Token AI tak terbatas Angkatan Darat ternyata terbatas
Google/DeepMind
Meta
OpenAI
Angkatan Darat Amerika Serikat dengan cepat menghabiskan pasokan token AI selama setahun untuk platform Ask Sage hanya satu bulan setelah membanggakan adopsi AI secara luas. Karyawan diminta membatasi penggunaan karena kumpulan token habis.

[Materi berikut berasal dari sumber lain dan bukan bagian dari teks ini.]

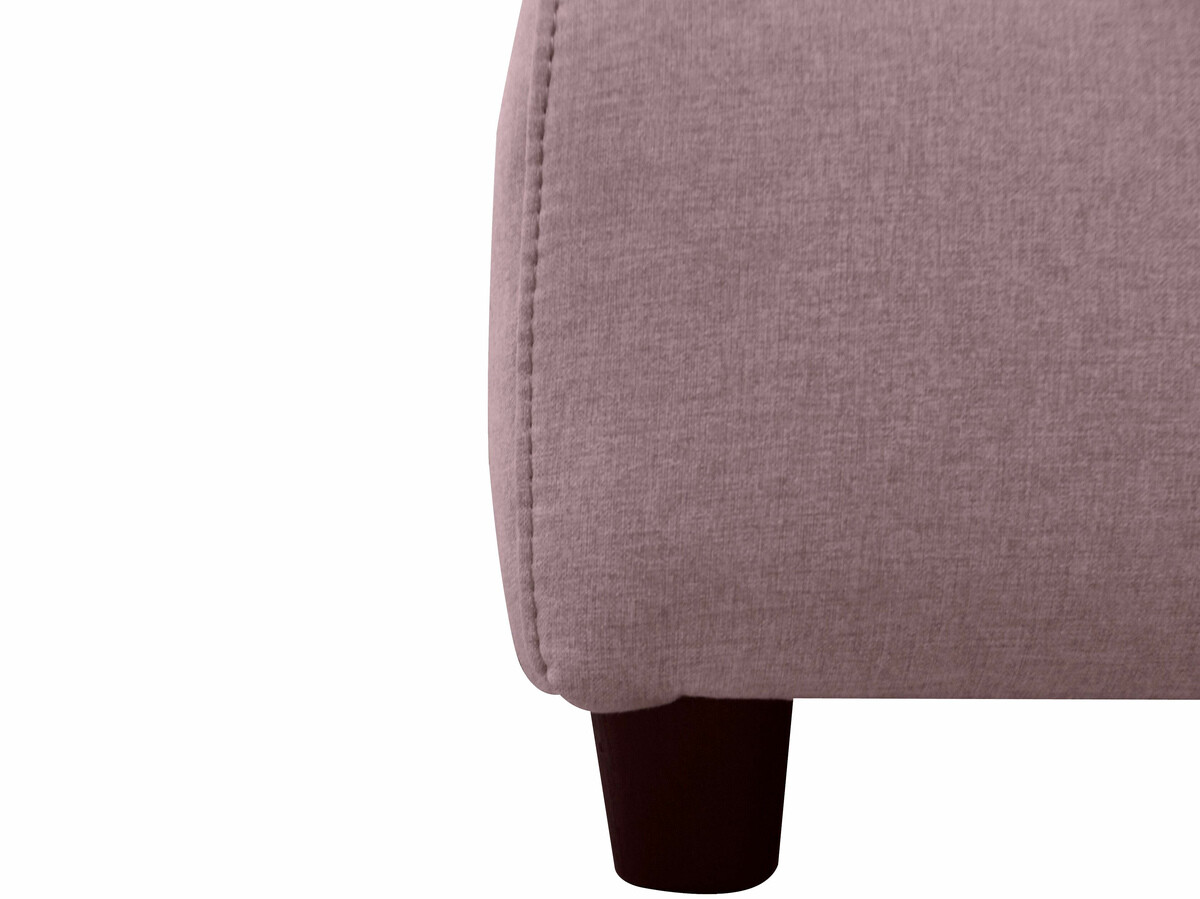 Kárpitozott pad Denton 499 (Rózsaszín)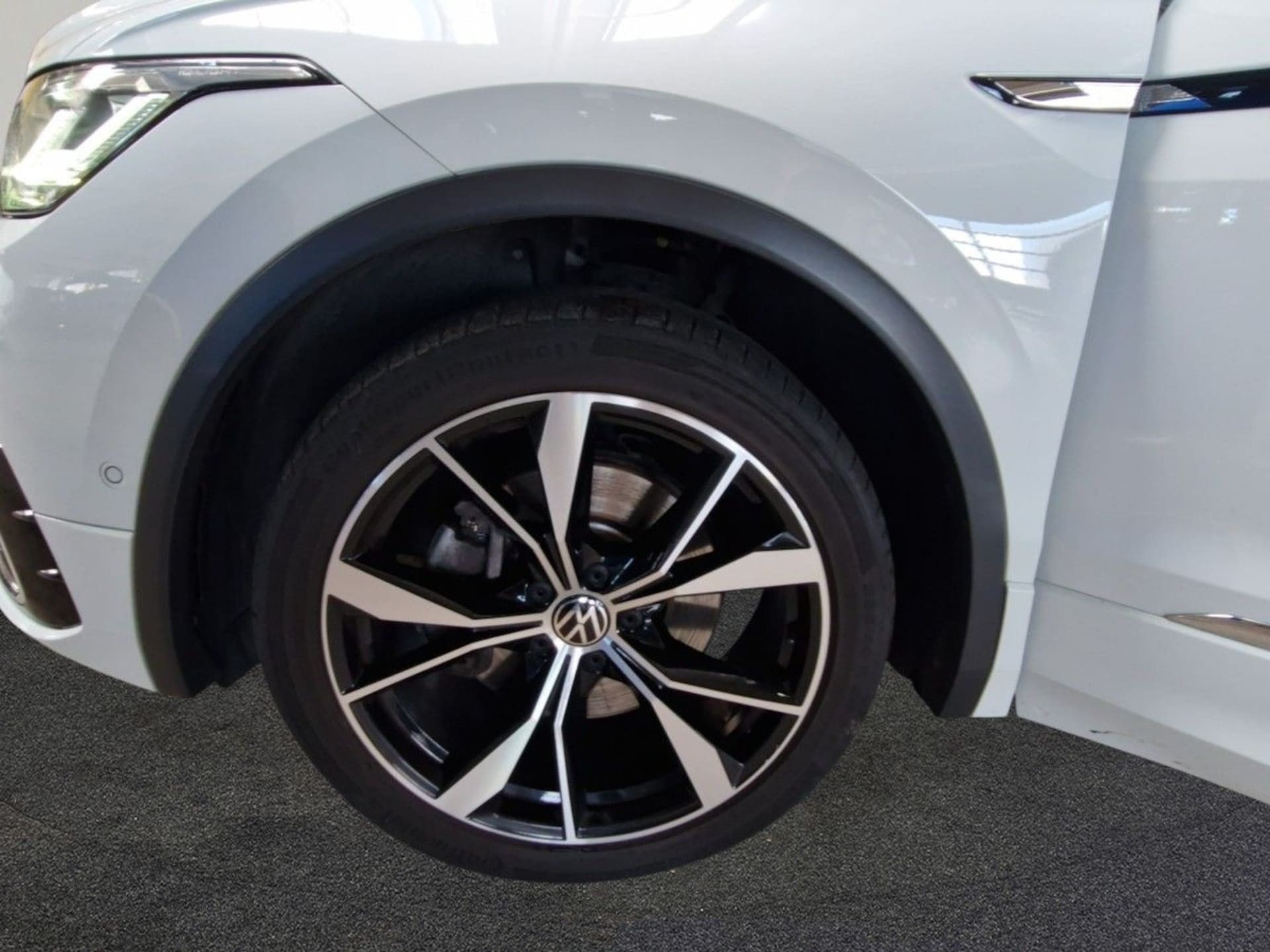 Volkswagen Tiguan Allspace R-Line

Departemen Pertahanan sebelumnya telah mengumumkan bahwa hampir setengah dari 3,5 juta karyawannya menggunakan AI. Namun, anggota Komando Pengembangan Kemampuan Tempur Angkatan Darat (DEVCOM) menerima surel yang memberi tahu bahwa mereka menghabiskan token dengan cepat dan perlu membatasi penggunaan. Meskipun Kepala Staf Angkatan Darat mengumumkan token tidak terbatas pada Mei 2026, kumpulan token habis pada pertengahan Juni, sehingga pembatasan harus diberlakukan kembali. Belum jelas apakah penggunaan token akan diperbarui setelah 1 Oktober. Angkatan Darat menggunakan Ask Sage, platform AI generatif multimodal yang menjalankan model bahasa besar termasuk Gemini dari Alphabet, Llama dari Meta, dan ChatGPT dari OpenAI. Seorang karyawan Angkatan Darat yang anonim menyatakan bahwa seluruh Angkatan Darat menghabiskan token setahun hanya untuk satu layanan. Ask Sage digunakan untuk tugas-tugas seperti mengklasifikasikan ulang deskripsi personel dan telah diakreditasi untuk Informasi Tidak Rahasia yang Dikendalikan. Karyawan awalnya diberikan setidaknya 200.000 token per bulan dan bisa mendapatkan lebih banyak secara otomatis, dengan pengguna nonaktif didorong untuk menggunakan jatah mereka.